Брестская крепость | страница 32
После войны он демобилизовался и уехал домой, в Армению, вернувшись к своей работе по специальности.
В Ереване мы с Матевосяном напряжённо работали в течение нескольких дней; я подробно записывал его воспоминания. И вот во время этих бесед у нас возникла мысль побывать вдвоём в Брестской крепости. Там, на месте, Матевосян смог бы гораздо лучше вспомнить обстоятельства обороны и наглядно показать мне, где что происходило.
ПОЕЗДКА В КРЕПОСТЬ
Мы расстались в Ереване. Я уехал в Москву, а Матевосян перед поездкой должен был ещё побывать в горах, где работала его геологическая партия. Но уже через несколько дней я встречал его в столице, на Внуковском аэродроме.

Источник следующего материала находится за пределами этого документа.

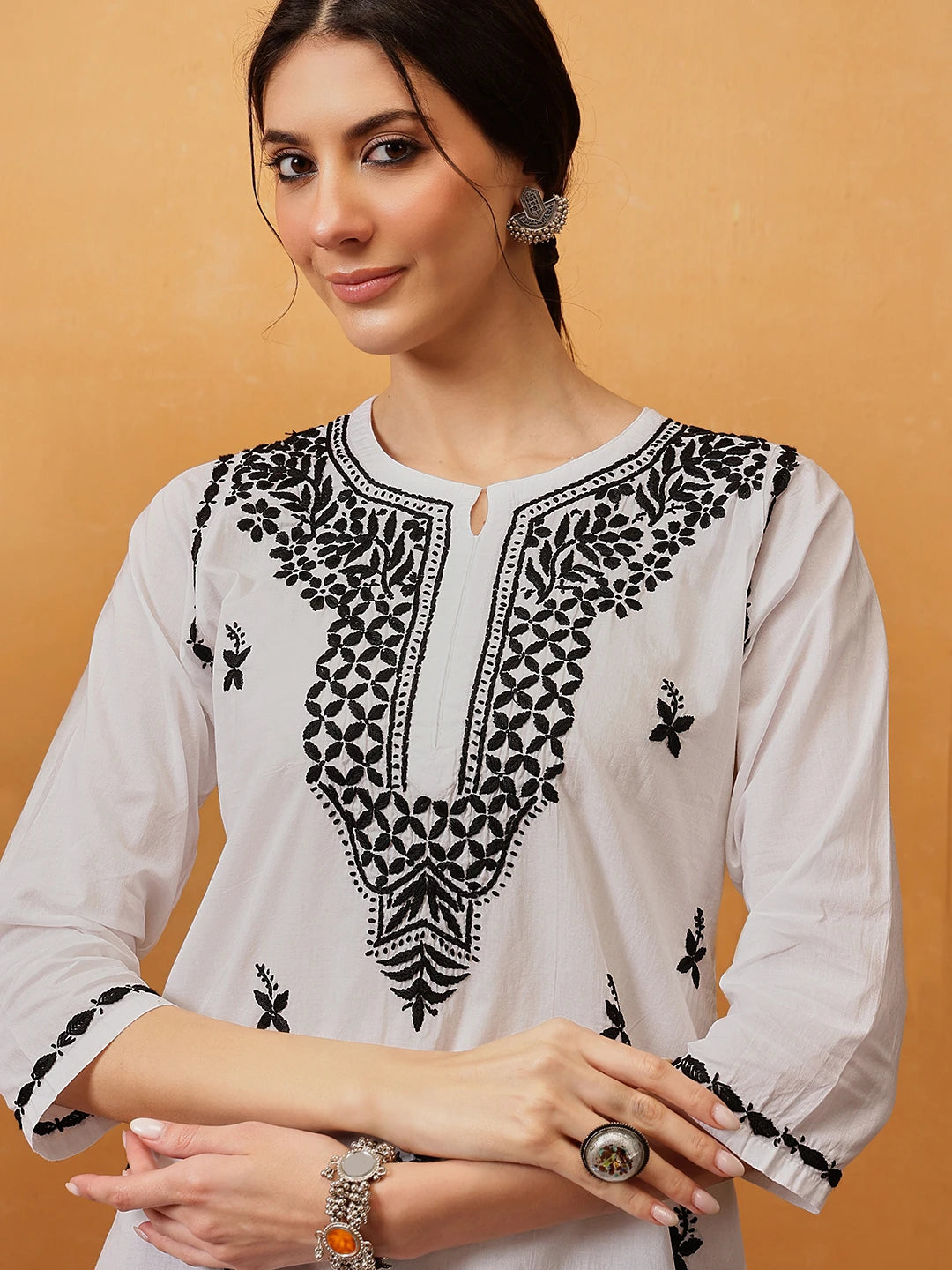 Ada Hand Embroidered White Cotton Lucknowi Chikankari Short Kurti A911479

В Брест мы отправились втроём. Вместе с нами из Москвы туда поехала научный сотрудник Центрального музея Советской Армии Т. К. Никонова, уже занимавшаяся темой обороны Брестской крепости. Впрочем, мне пришлось по дороге на время отделиться от своих спутников и сделать остановку в Минске. Там, как выяснилось, жил ещё один бывший защитник крепости – Александр Иванович Махнач, и я решил повидаться с ним и пригласить его присоединиться к нам в Бресте. Махнач работал в редакции республиканской белорусской газеты «Литература и мастацтва». Он оказался совсем ещё молодым худощавым человеком с бледным и очень нервным лицом, по которому то и дело пробегала как бы лёгкая судорога боли, когда он начинал рассказывать обо всём, что пришлось ему пережить в крепости и позднее, в гитлеровском плену. Махнач был коренным белорусом; в речи его всё время звучал типичный народный говорок, и он часто вставлял в свой рассказ белорусские слова и выражения.
В крепость он попал накануне грозных июньских событий 1941 года. Девятнадцатилетний лейтенант, только что окончивший пехотное училище, он за неделю до войны вместе с группой товарищей-выпускников получил направление в Брест. Здесь его назначили командиром взвода в 455-й стрелковый полк, и он сразу же с увлечением принялся за свою новую командирскую работу.
С доброй и застенчивой улыбкой, с глубоким внутренним волнением и какой-то подкупающей откровенностью рассказывал Махнач о том, что довелось ему испытать в первое утро войны. В ту ночь он спал вместе с бойцами в казармах своей роты и проснулся на рассвете от оглушительного грохота, когда вокруг в полутьме сверкали вспышки взрывов, свистели осколки снарядов, с потолка падала штукатурка, а рядом, на дощатых нарах, уже стонали раненые. Всё это было так непередаваемо страшно, что ещё не совсем очнувшийся от сна молодой лейтенант в ужасе кинулся… под нары. Только несколько минут спустя он опомнился, и ему стало нестерпимо стыдно за этот слепой страх. Он торопливо вылез из своего убежища и стал собирать бойцов.